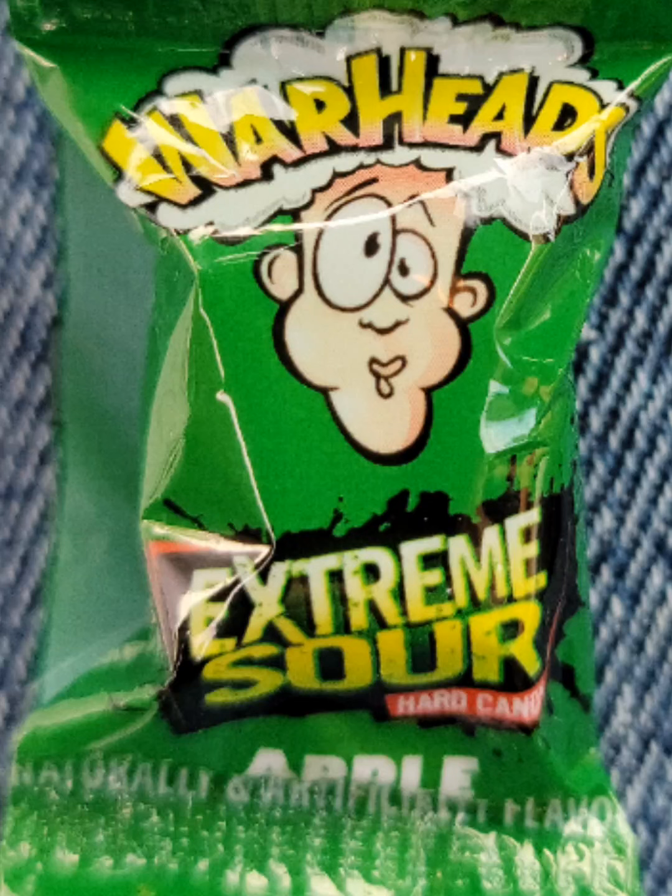Hello everybody! In today's video we are going to try some real Warheads. I haven't been able to find any of these — usually they're like gummies that are not actually real, but I found real ones right here. They're really cool, they're really yummy. They're sourer than the other ones for sure, but they're not bad. Everybody says they're bad, but they honestly taste pretty good.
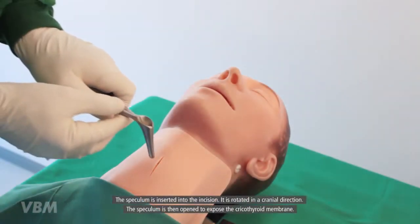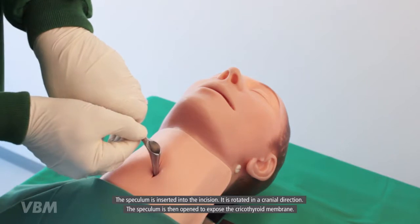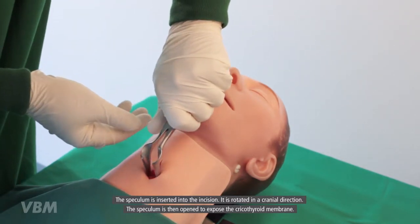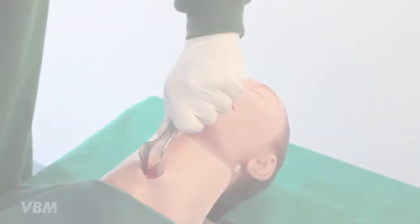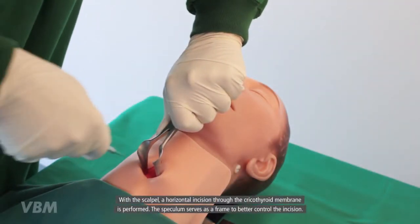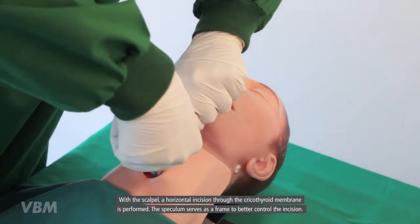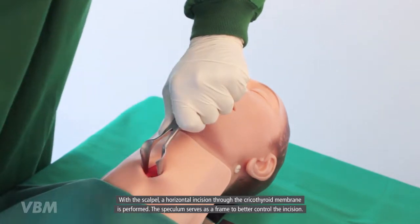The cricothyroid membrane is exposed using the scissors to perform a blunt dissection of the soft tissue. The speculum is inserted into the incision. It is rotated in a cranial direction. The speculum is then opened to expose the cricothyroid membrane. With the scalpel, a horizontal incision through the cricothyroid membrane is performed. The speculum serves as a frame to better control the incision.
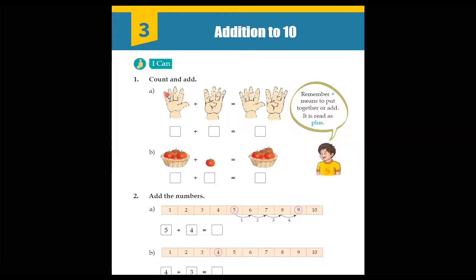So let's start. We count the right hand: one, two, three, four, five — so we mention number five. And in the second hand we count: one, two, three, and four — four fingers. Now we count them both together: one, two, three, four, five, six, seven, eight, and nine. Total fingers are nine. So five plus four is equal to nine.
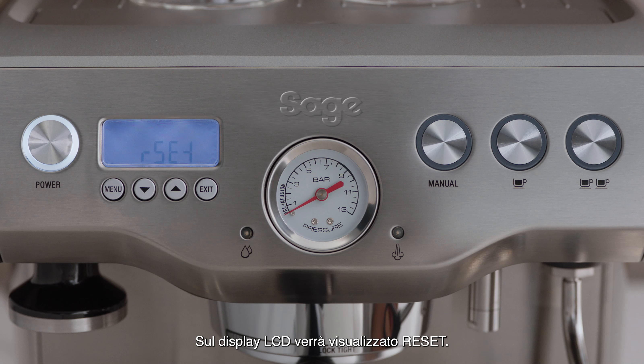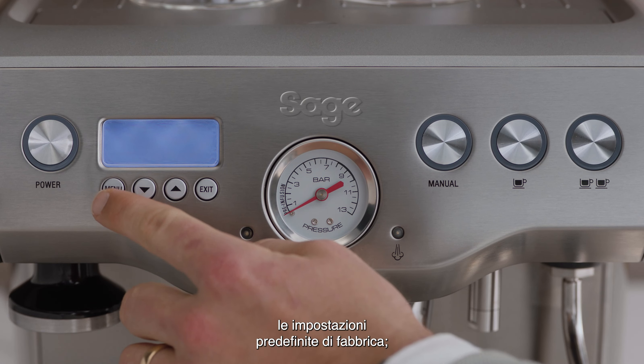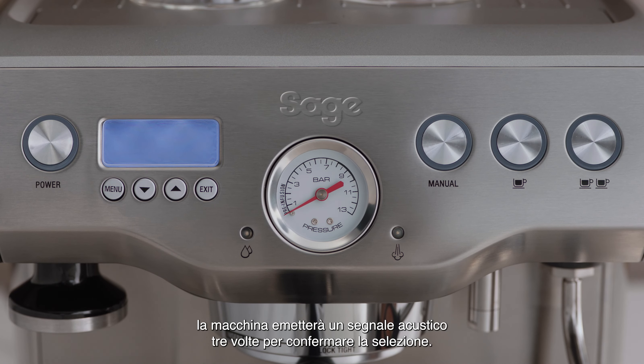Our set will be displayed on the LCD. Press the menu button to reset all settings to factory defaults, and your machine will beep three times to confirm your selection.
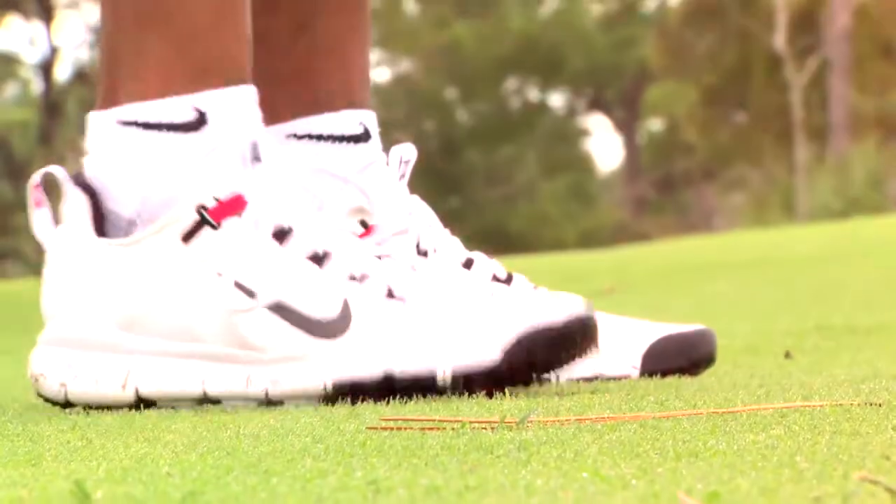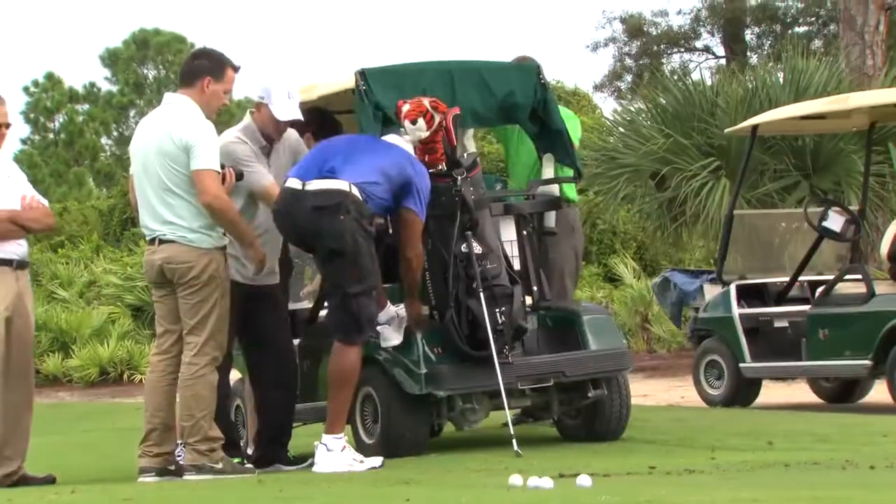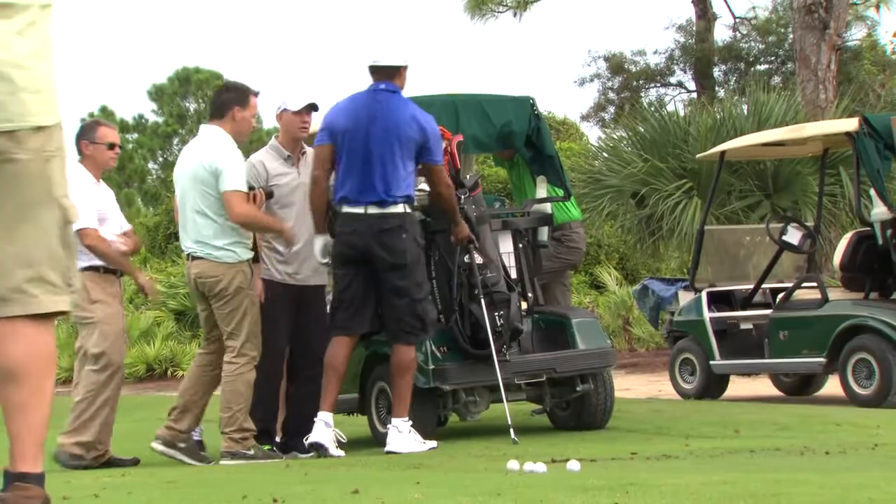I train in my Frees all the time. I wear them everywhere I go, so I wanted to have that same feeling on the golf course. I ended up making a phone call to the head boss himself and said, is there any way that I can use some of the Free technology in our sport? Here we are.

:::

**WHAT NEEDS TO BE DONE**
Please copy the lines above exactly, starting at the line that holds "The cricothyroid membrane is exposed" and ending at the line that holds "Our set will"; include both, but no pictures.

**TASK ANSWER**
The cricothyroid membrane is exposed using the scissors to perform a blunt dissection of the soft tissue. The speculum is inserted into the incision. It is rotated in a cranial direction. The speculum is then opened to expose the cricothyroid membrane. With the scalpel, a horizontal incision through the cricothyroid membrane is performed. The speculum serves as a frame to better control the incision.
So let's start. We count the right hand: one, two, three, four, five — so we mention number five. And in the second hand we count: one, two, three, and four — four fingers. Now we count them both together: one, two, three, four, five, six, seven, eight, and nine. Total fingers are nine. So five plus four is equal to nine.
Our set will be displayed on the LCD. Press the menu button to reset all settings to factory defaults, and your machine will beep three times to confirm your selection.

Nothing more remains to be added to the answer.